Each line below needs to be returned exactly. Skip any picture.

[DATA PROVIDED]

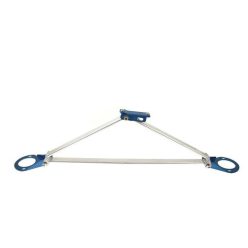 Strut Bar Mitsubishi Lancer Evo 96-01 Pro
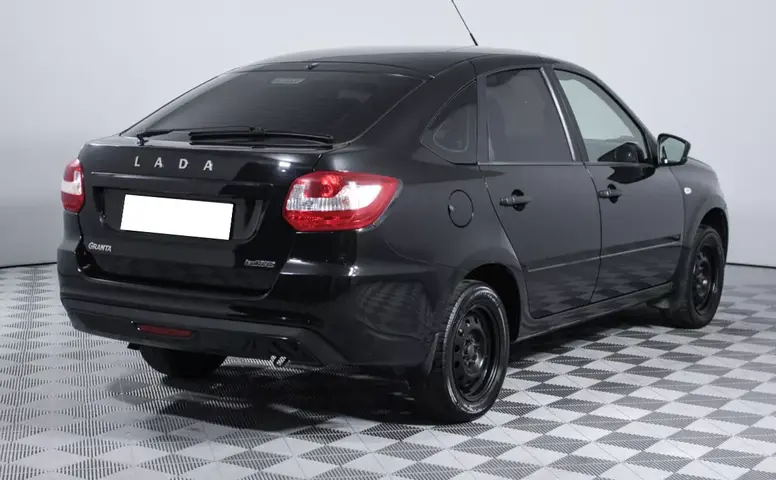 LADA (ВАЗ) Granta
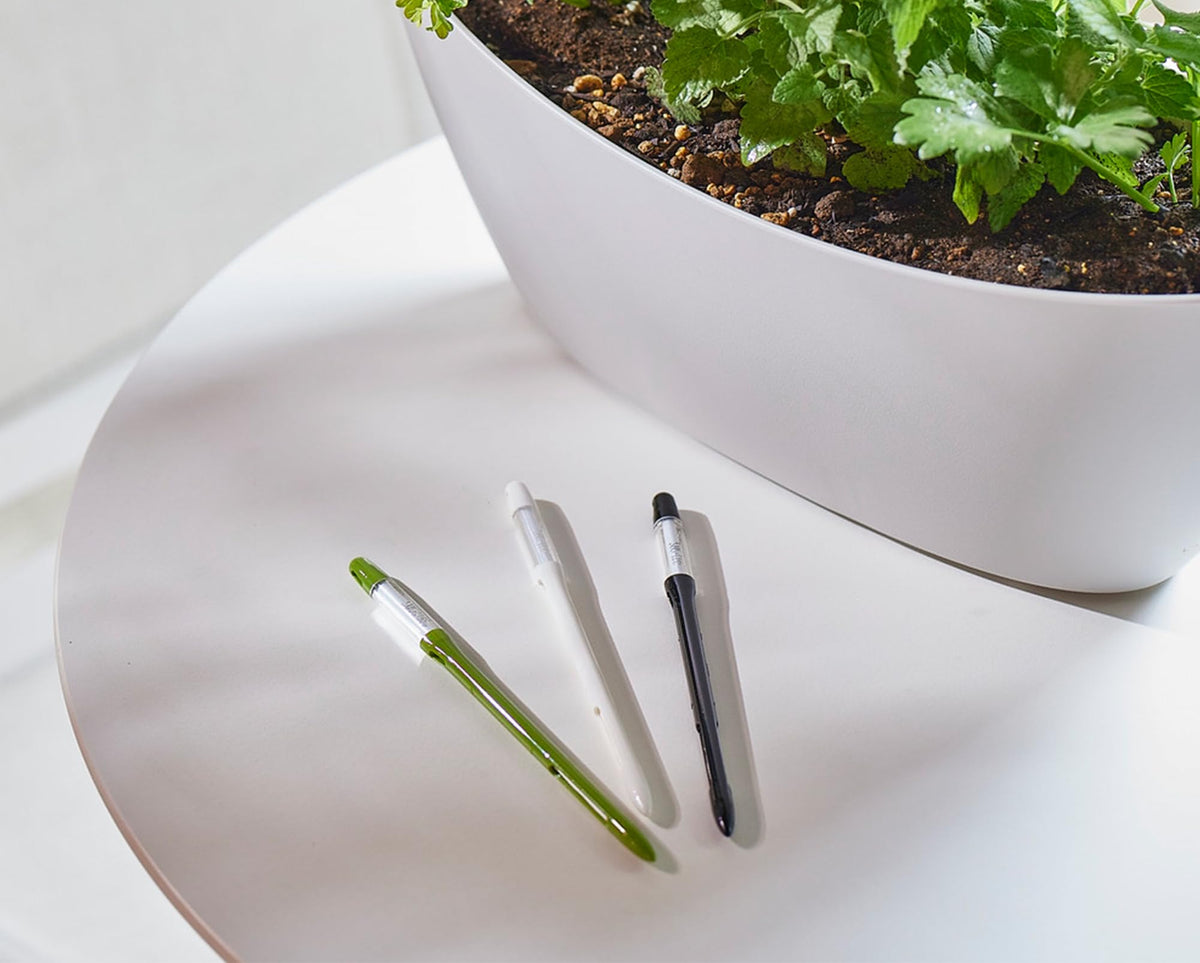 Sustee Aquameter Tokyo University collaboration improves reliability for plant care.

[/DATA PROVIDED]

### EXERCISE ANSWER
 Strut Bar Mitsubishi Lancer Evo 96-01 Pro
 LADA (ВАЗ) Granta
 Sustee Aquameter Tokyo University collaboration improves reliability for plant care.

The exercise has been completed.